76年ぶりに聖地1勝を目指した田辺(和歌山)が、昨秋明治神宮大会王者の星稜(石川)と熱戦を演じた。

1-2の4回にスクイズで追いつき、8回まで2-2と1歩も引かず。9回に星稜に引き離されたが、最後の攻撃でも主砲の山本陣世内野手(3年)が昨年までのバットならスタンドインと思われるような大飛球を放ち、超満員のアルプスを沸かせた。試合後の取材通路に現れた田中格(かく)監督(51)は開口一番「選手たちは十二分にやってくれました」と、まず教え子たちをねぎらった。

試合前から、心は騒いだ。甲子園練習で体感はしていたが、観客の入った聖地は格別だった。「すごいな、最高やな。代わってくれよ。おれ、監督より選手で出たいわ、と選手たちには言いました。すてきな場所です。本当に代わってほしかった」とOBの監督は、興奮を抑えられなかった。昨秋の県予選で市和歌山、智弁和歌山など強豪を撃破してつかんだセンバツ切符。切符の重みを実感した。

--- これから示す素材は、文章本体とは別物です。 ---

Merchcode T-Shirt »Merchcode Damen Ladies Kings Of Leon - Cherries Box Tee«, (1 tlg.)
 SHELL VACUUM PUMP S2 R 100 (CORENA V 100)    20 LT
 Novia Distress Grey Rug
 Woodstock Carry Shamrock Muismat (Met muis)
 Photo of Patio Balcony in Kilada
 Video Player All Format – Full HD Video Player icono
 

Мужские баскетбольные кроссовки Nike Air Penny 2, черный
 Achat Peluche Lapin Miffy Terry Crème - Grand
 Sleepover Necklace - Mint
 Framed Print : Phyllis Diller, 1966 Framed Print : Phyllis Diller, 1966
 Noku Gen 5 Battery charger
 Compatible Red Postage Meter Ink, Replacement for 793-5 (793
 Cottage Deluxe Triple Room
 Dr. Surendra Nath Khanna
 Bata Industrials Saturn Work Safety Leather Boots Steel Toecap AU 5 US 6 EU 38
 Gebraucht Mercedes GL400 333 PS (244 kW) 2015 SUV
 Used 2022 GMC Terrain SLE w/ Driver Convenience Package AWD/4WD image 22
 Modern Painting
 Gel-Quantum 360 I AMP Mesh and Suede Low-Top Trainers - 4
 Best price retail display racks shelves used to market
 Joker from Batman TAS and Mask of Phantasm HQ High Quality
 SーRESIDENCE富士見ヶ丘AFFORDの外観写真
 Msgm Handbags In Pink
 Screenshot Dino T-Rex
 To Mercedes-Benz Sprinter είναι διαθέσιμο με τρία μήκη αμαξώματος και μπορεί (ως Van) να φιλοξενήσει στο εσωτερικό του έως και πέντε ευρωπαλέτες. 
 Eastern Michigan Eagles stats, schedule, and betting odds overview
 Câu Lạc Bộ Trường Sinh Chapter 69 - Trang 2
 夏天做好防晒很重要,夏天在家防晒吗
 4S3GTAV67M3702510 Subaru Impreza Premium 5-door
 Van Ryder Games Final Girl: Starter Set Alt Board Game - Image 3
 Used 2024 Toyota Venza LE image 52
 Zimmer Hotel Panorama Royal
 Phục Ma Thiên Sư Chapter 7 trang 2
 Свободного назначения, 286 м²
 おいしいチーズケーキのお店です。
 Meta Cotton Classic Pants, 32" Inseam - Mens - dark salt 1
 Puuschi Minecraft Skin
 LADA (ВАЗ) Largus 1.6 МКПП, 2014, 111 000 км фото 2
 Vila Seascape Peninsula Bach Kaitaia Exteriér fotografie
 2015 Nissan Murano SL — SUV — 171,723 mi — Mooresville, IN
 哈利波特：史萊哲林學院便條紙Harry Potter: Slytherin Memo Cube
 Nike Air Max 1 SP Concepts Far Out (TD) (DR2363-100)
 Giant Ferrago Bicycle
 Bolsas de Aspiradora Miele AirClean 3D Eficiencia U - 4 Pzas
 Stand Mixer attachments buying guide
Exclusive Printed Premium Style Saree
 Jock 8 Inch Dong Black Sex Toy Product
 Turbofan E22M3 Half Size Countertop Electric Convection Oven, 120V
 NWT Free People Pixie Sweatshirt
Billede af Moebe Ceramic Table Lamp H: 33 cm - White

熱闘を終え、夏も必ず…の思いは、いっそう強くなった。「星稜さんにはないようなミスがあった。そのミスをなくして、夏に向けて詰めていきたい」と目標は明確に。4失点完投のエース寺西邦右(ほうすけ=3年)は「甲子園は憧れの舞台だったので、そこで投げられたっていうのはやっぱり自分にとって財産になるなと思ってます。夏に向けて、自分の今日の試合でダメだったところを改善して万全の状態でまた甲子園に戻ってきたい」と目標は明確に。マウンドにも打席にも届いた大声援を「とてもうれしかった」とかみしめた。忘れられない思い出を胸に、夏に向かう。